We sat down and the conversation naturally progressed to more of the American
versus British conversation I provided above. I was completely fine with it at
this stage. We were new and it was only our third day with these new friends of
ours, besides it was all a part of our novelty. We embraced it.
After having explored the
differences between our prom and theirs, and deciding that ours was far
superior, we naturally started talking about education. Jessie and I, almost a
little too enthusiastically, started going on and on about GPAs, class ranks
and my school’s famous graduation speech scandal. We worked in unison,
inadvertently ignoring the slight frowns and raised eye-brows of our onlookers.
Sian, after our tirade, shrugged and said something along the lines of, “That’s
good,” and proceeded to take a smoke. Tash, the more enthused one of the group,
spoke up, “Yeah,” she laughed, “We definitely don’t have that.”
Joe frowned, “Sounds terrible,
doesn’t it? Everyone is a number and the higher you are the better you are?” he
shook his head. “I couldn’t do it.”
“What if you’re last?” Tash
whispered with a smile.
“To each his own,” Andy
interjected, ever the peace maker. “To be fair, if you had to do it, you would,
wouldn’t you, Joe?”
“I’d move.” Joe said.
“It’s really not that bad,” I
remember saying, indignantly. “It forces you to be better.”

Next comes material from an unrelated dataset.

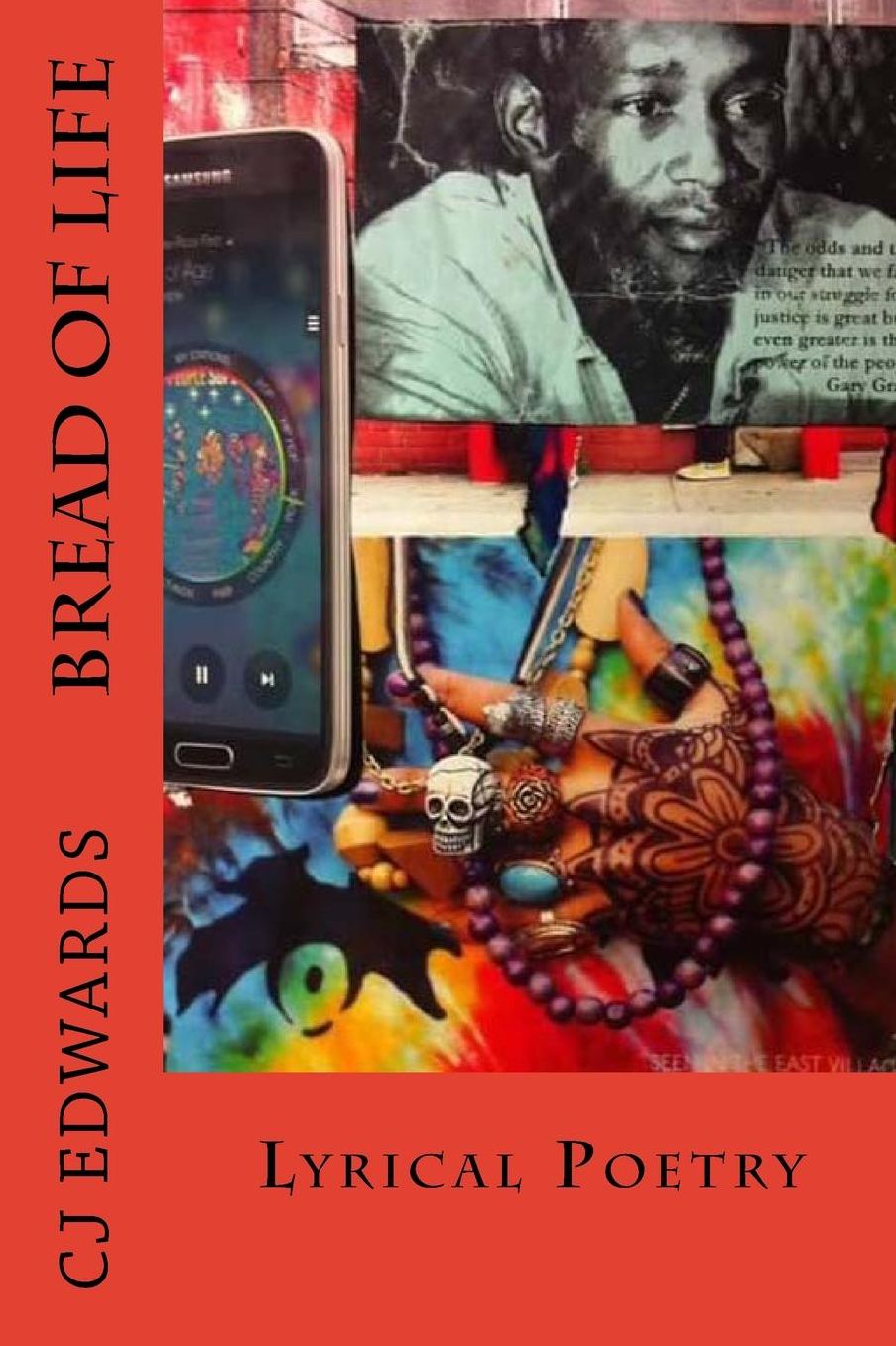Bread of Life: Lyrical Poetry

“So what,” he said, “that doesn’t
mean everyone performs better because of it. It just means that everyone is
just stressed out.”
“Yes it does,” I insisted,
“Competition makes people want to perform better. If there’s no goal, or no one
to hate, what’s the point?”
He’d narrowed his eyes in
disbelief, “You actually learn something
because you want to, not just because you hate someone.”
I shrugged, “Oh, well.”
I didn’t talk to that guy for the
rest of the night, in fact, until I could argue otherwise, I was determined to
stay away from him. Was our school system truly terrible? Was it really just
breeding hatred and discord among students? I didn’t use the word “hate” in a
literal sense at the time, but I had heard people constantly say that about
others when I was in high school. Our salutatorian and valedictorian always
scowled and ignored each other when they would meet. The lower you were on the
food chain the less it meant to you. No one past thirty cared or even knew
about their rankings, but these were the people who never failed to smile at
you. These were the people that had normal teenage “beef” that had nothing to
do with how high their GPA was in comparison to Susie’s GPA.

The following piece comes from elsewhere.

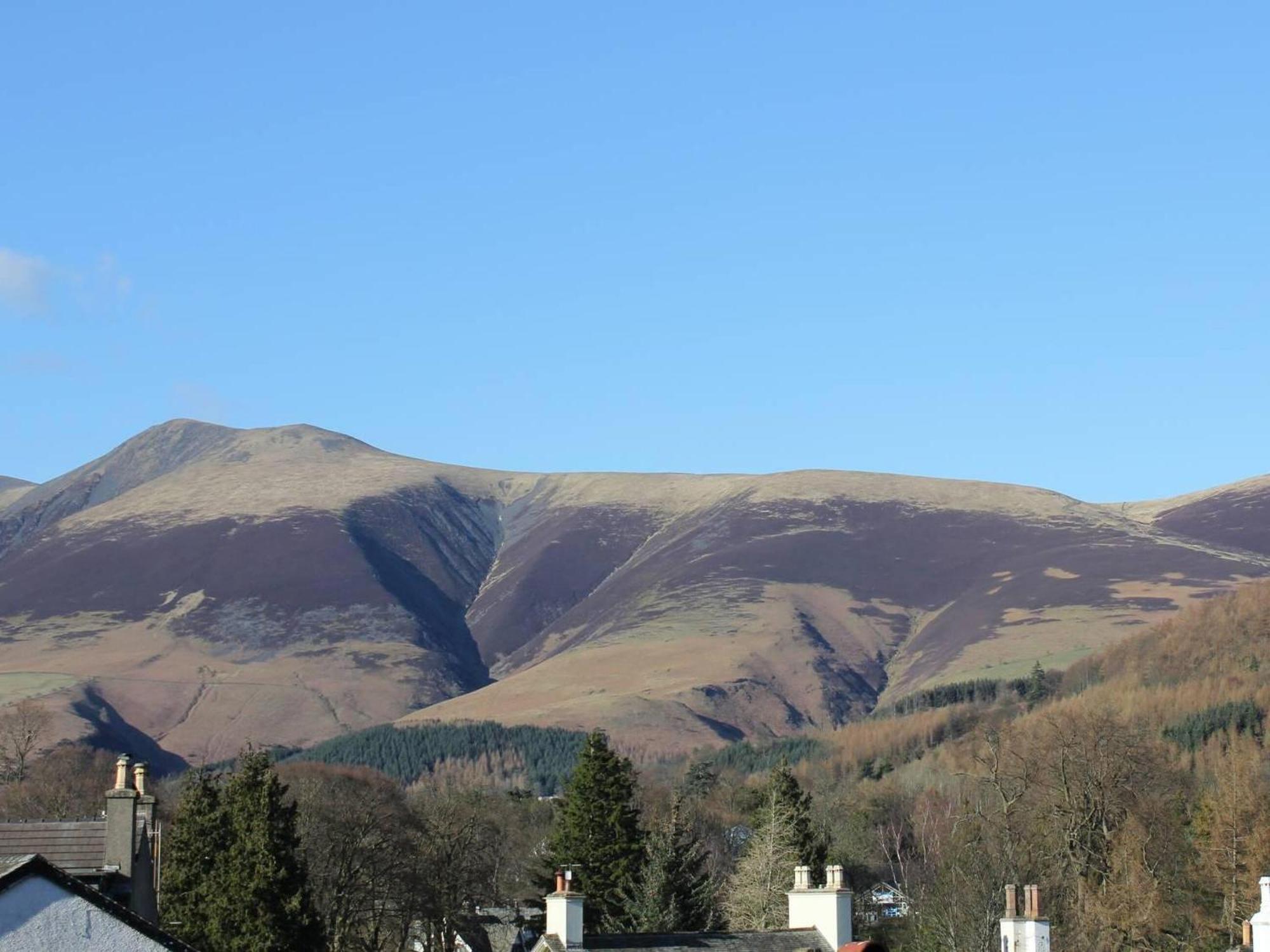 Blencathra House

I’d said that the American system
brewed success, but what evidence could I recount without resulting to Google?
What weapons did I have? I’d said all of these things about success and stress
being a good motivator, but, in retrospect, did I actually hear myself? I was
selling stress, marketing hatred and handing out pamphlets on how to be the
best “American” you can be. Really, all I was doing was selling my country short.

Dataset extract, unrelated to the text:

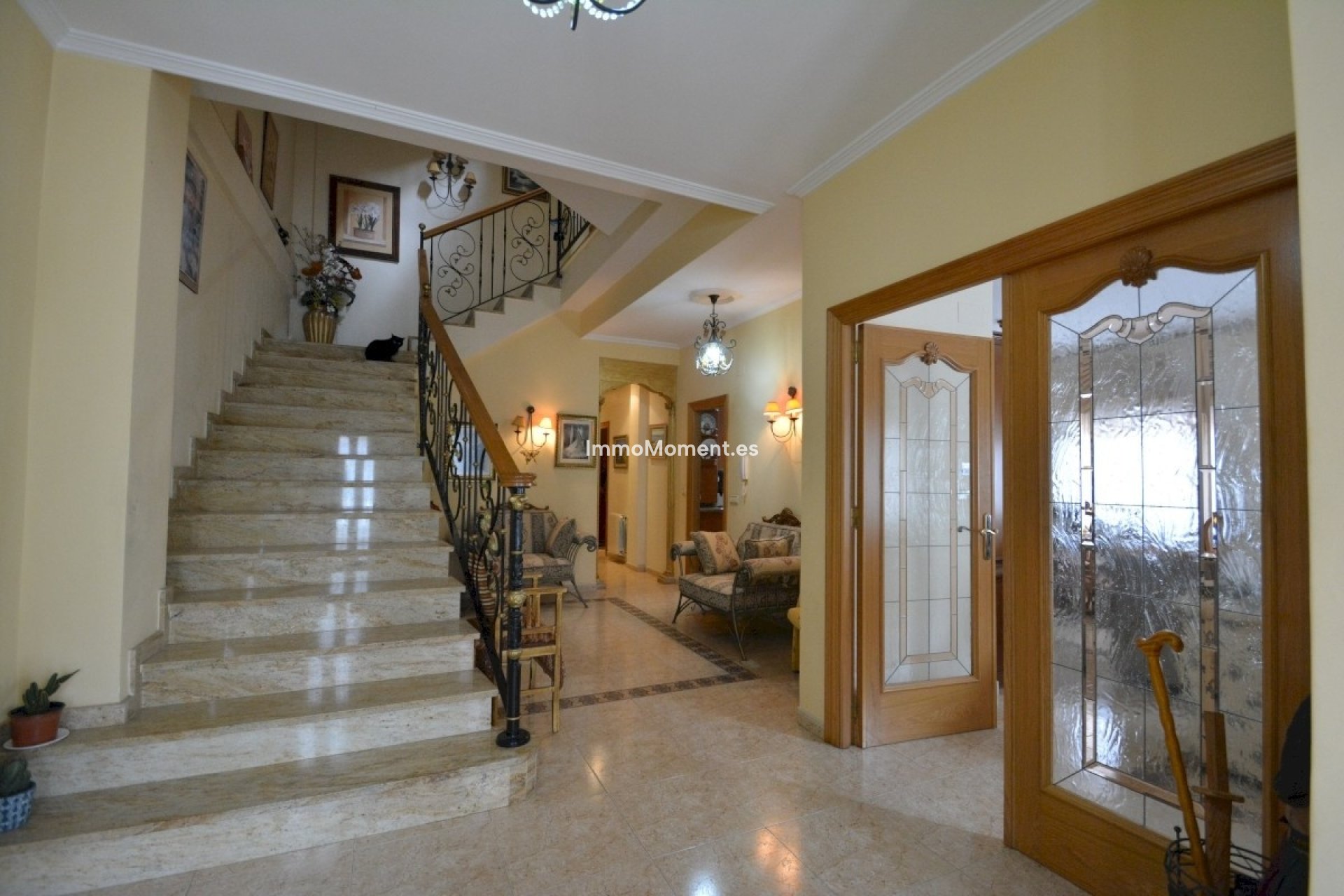 Revente - Villa individuelle - Guardamar del Segura - Guardamar del Segura Centro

Even more than that, for the first time in my life, I was fervently trying to defend my country. I was indignant, right, and
supposedly justified with the most infallible of reasoning: America rocks and
if you don’t think so, you can kick rocks! Truthfully, for more reason than
one, I was not that abrupt. I realized that to fully appreciate my experience I
needed these people, and whatever opinions that followed. They challenged me,
and they challenged what I thought was almost perfect—almost right. To fully
appreciate my home, perhaps that was exactly what I needed.
Pride can quickly turn an
observation into an insult if you let it. It gives and takes friends just as
soon as you make them. It’s that dragon the town keeps to protect the gold. It
builds you up and tears you down. Nothing can be more instinctive or primal,
but, sometimes, it has its uses.
* * *
“Hey, Joe!” I nudged him in the
arm, “Why does everyone wear so much black here? Is everyone just severely
unhappy or is just the weather?”
He grinned, “It has to be a bit
of both, doesn’t it?”
* * *
Delshawn Anderson is a English major at Lander University. She studied abroad at The University of Winchester in England during the fall semester of the sophomore year. She plans to graduate from Lander in May 2019, and after graduation she hopes to attend graduate school.